--- Record extracts Enclosed Below ---

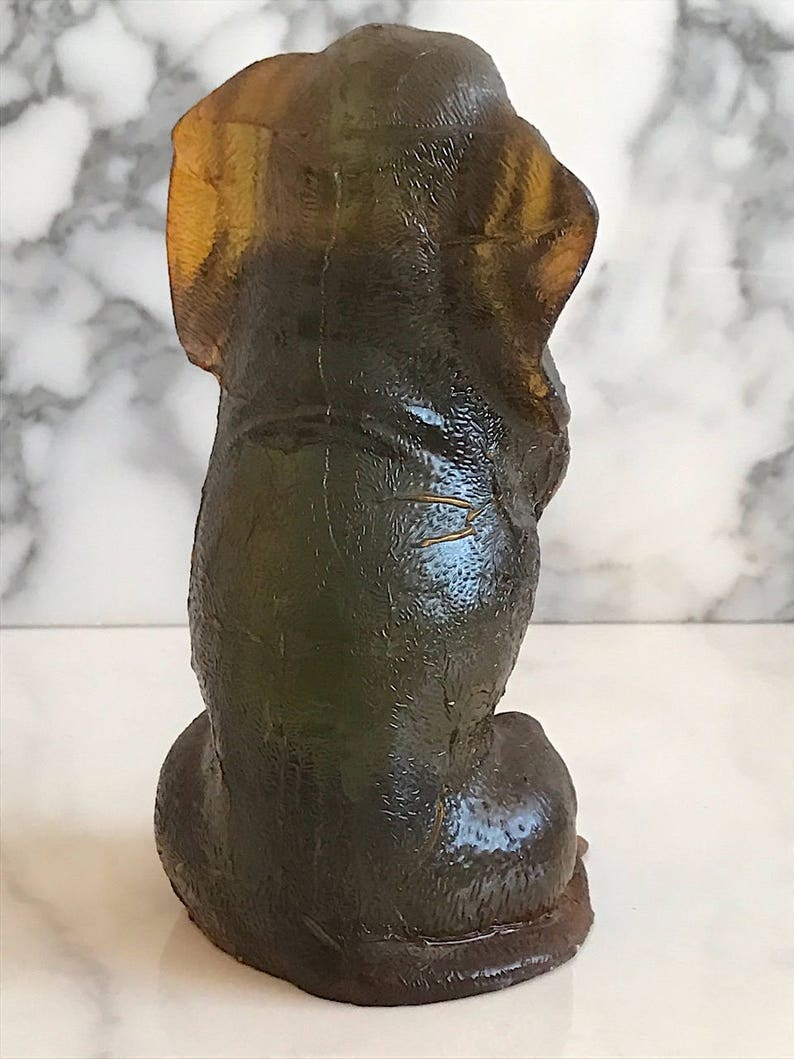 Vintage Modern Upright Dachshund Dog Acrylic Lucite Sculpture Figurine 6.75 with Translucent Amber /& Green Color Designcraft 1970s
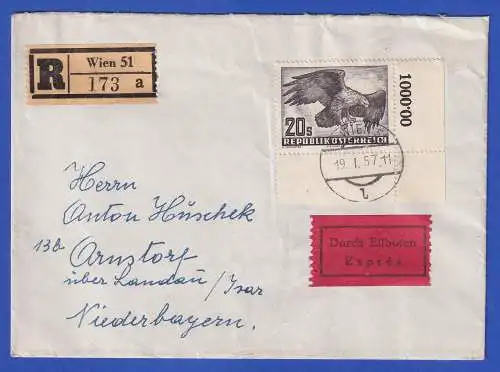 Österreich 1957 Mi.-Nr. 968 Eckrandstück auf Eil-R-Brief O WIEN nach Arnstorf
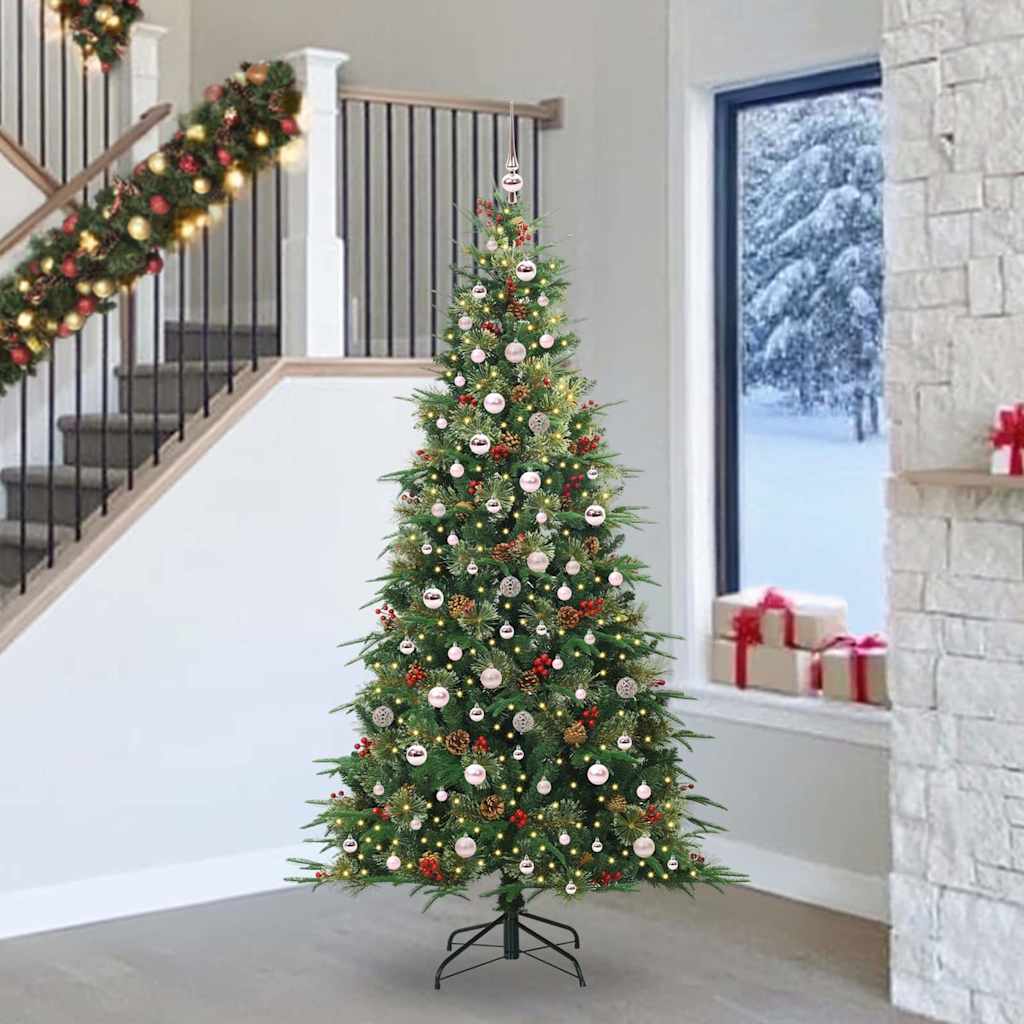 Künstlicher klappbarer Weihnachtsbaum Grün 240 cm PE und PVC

--- End of Enclosed Record extracts ---
--- Record extracts Enclosed Below ---

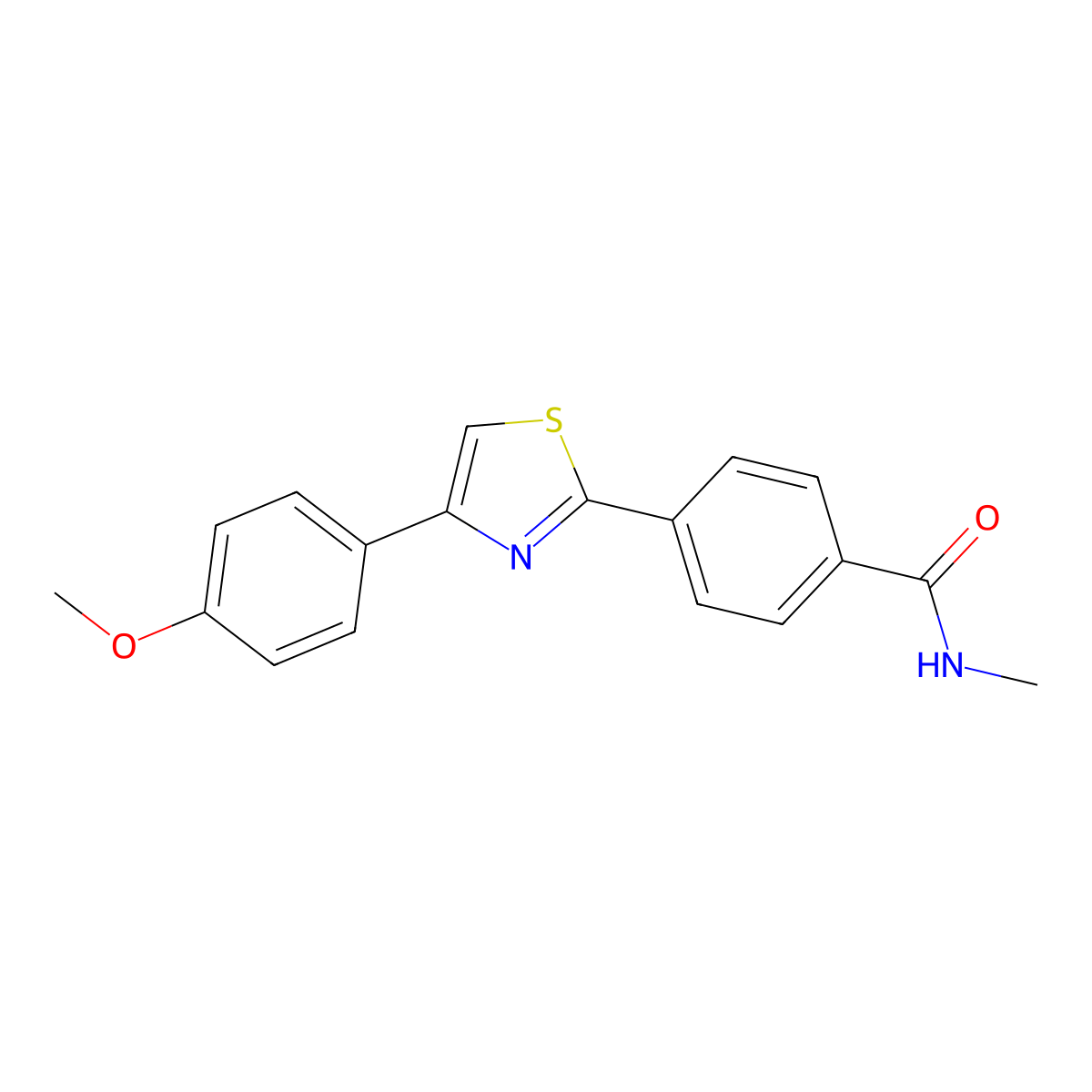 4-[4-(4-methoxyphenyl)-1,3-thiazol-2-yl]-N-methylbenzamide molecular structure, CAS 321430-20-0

--- End of Enclosed Record extracts ---
--- Record extracts Enclosed Below ---

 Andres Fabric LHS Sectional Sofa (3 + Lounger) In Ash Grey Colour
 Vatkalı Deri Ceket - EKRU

--- End of Enclosed Record extracts ---

- [What needs to be done] Look above for the line with "Österreich 1957 Mi.-Nr." and the line with "Künstlicher klappbarer Weihnachtsbaum". Copy them and every line between, exactly, but no pictures.

- [Exercise answer]
 Österreich 1957 Mi.-Nr. 968 Eckrandstück auf Eil-R-Brief O WIEN nach Arnstorf
 Künstlicher klappbarer Weihnachtsbaum Grün 240 cm PE und PVC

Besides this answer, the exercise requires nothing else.